Multi-location pricing matters when the customer is not just buying one account for one branch. It matters when they need one business with multiple locations, or when you want a pricing model that grows cleanly as they add more branches.
This guide walks through the practical setup for subscription plans that include a base price, included locations, extra-location pricing, and optional volume discounts.
Before you start
There are a few things to have in place before you build paid plans with multi-location pricing.
- Connect Stripe first. Without Stripe, you can still create free plans, but not paid self-serve subscription plans.
- Turn on signups if you want customers to register themselves.
- If you want payment to happen before registration, enable `Require Payment Before Signup` in the white-label onboarding settings.
If you prefer to create customer accounts manually, you can skip the public signup-flow part and still use the same pricing structure internally.
Where to find custom plans
Open the agency dashboard, go to the `Platform` section in the left sidebar, expand `Billing & Revenue`, and click `Custom Plans`.
This is your plan manager. It is where you create plans, adjust pricing, change display order, and manage existing subscribers.
How multi-location pricing works
A multi-location plan usually starts with a base subscription price and a location limit.

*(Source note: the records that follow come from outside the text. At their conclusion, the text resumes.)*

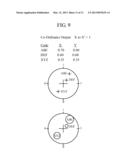 LASER SPOT TRACKING WITH OFF-AXIS ANGLE DETECTION diagram and image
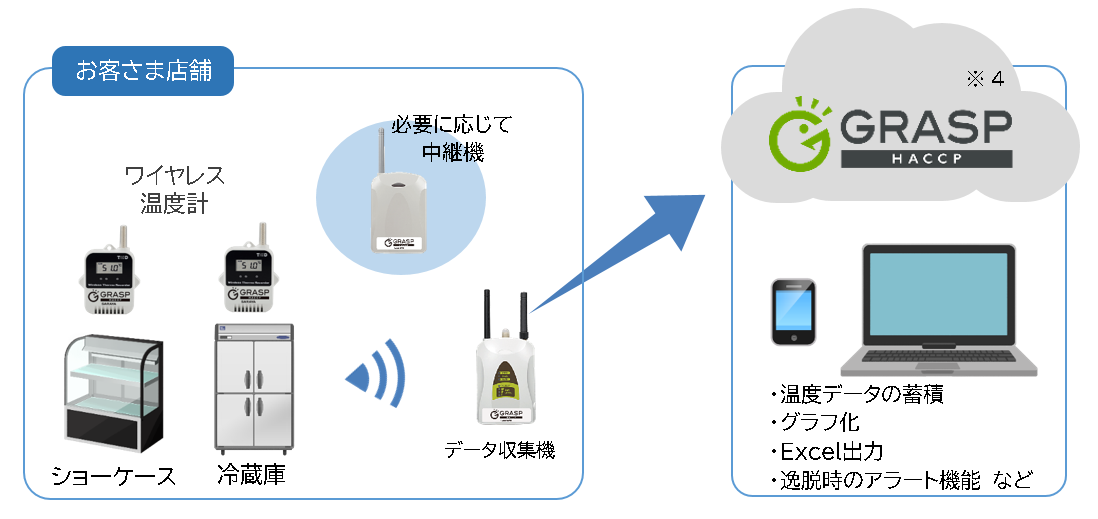 サービスイメージ図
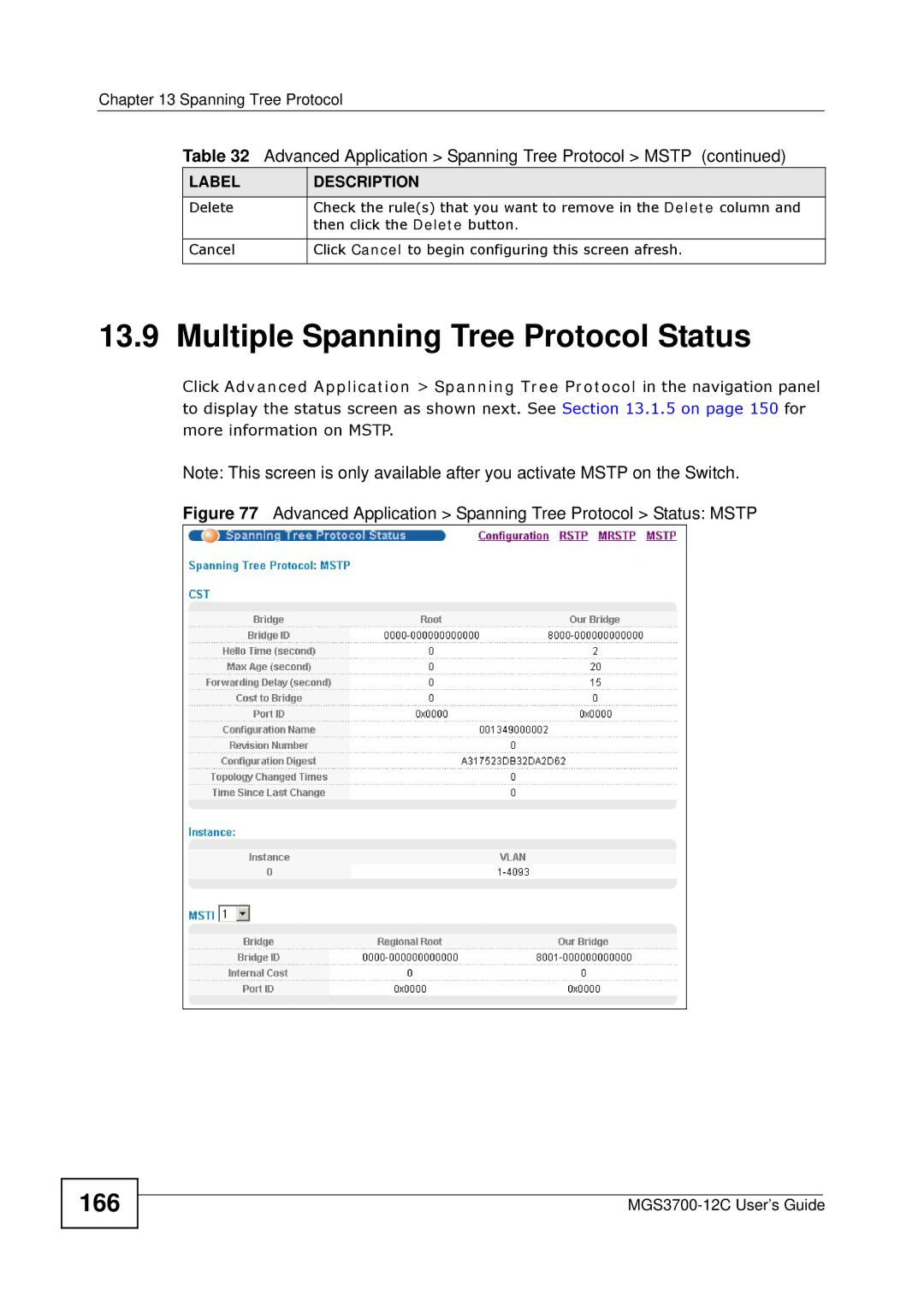 ZyXEL Communications metrogigabit switch manual Multiple Spanning Tree Protocol Status, 166 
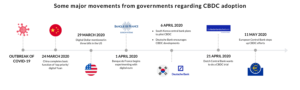 CBDCs Adoption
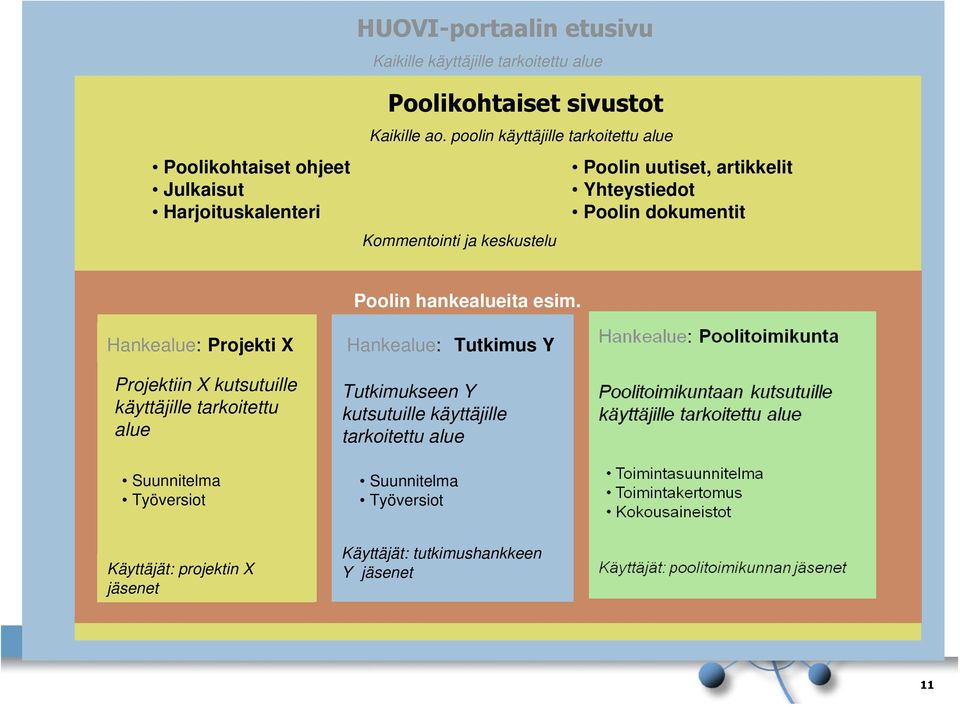 poolin käyttäjille tarkoitettu alue Kommentointi ja keskustelu Poolin uutiset, artikkelit Yhteystiedot Poolin dokumentit Poolin hankealueita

For example, the base plan might include one location at a fixed monthly price.
If the customer needs more locations than that base allowance includes, you can charge for the extras in one of two ways.
| Pricing model | How it works | Best fit |
|---|---|---|
| Flat rate per extra location | Every extra location costs the same amount | Simple plans and smaller customers |
| Tiered volume discounts | The price per extra location drops as more locations are added | Larger customers and franchise-style deals |
Scenario 1: flat rate per extra location
This is the cleanest setup when you want one base subscription plus a simple extra-location charge.
Example: $49 per month includes 1 location, and every additional location costs $15 per month.
- Create the plan, for example `Growth Plan`
- On the General tab, add the customer-facing description and save
- On `Pricing & Billing`, keep `Free Plan` off and create the monthly and optional yearly base Stripe price
- Still on `Pricing & Billing`, create the monthly extra-location add-on price and the yearly add-on if needed
- On `Features & Options`, set `Max Locations` to 1 because that is what the base plan includes
- Save and generate the payment link if you are sharing checkout directly
With this model, a customer with 4 locations pays the base plan plus 3 extra-location charges.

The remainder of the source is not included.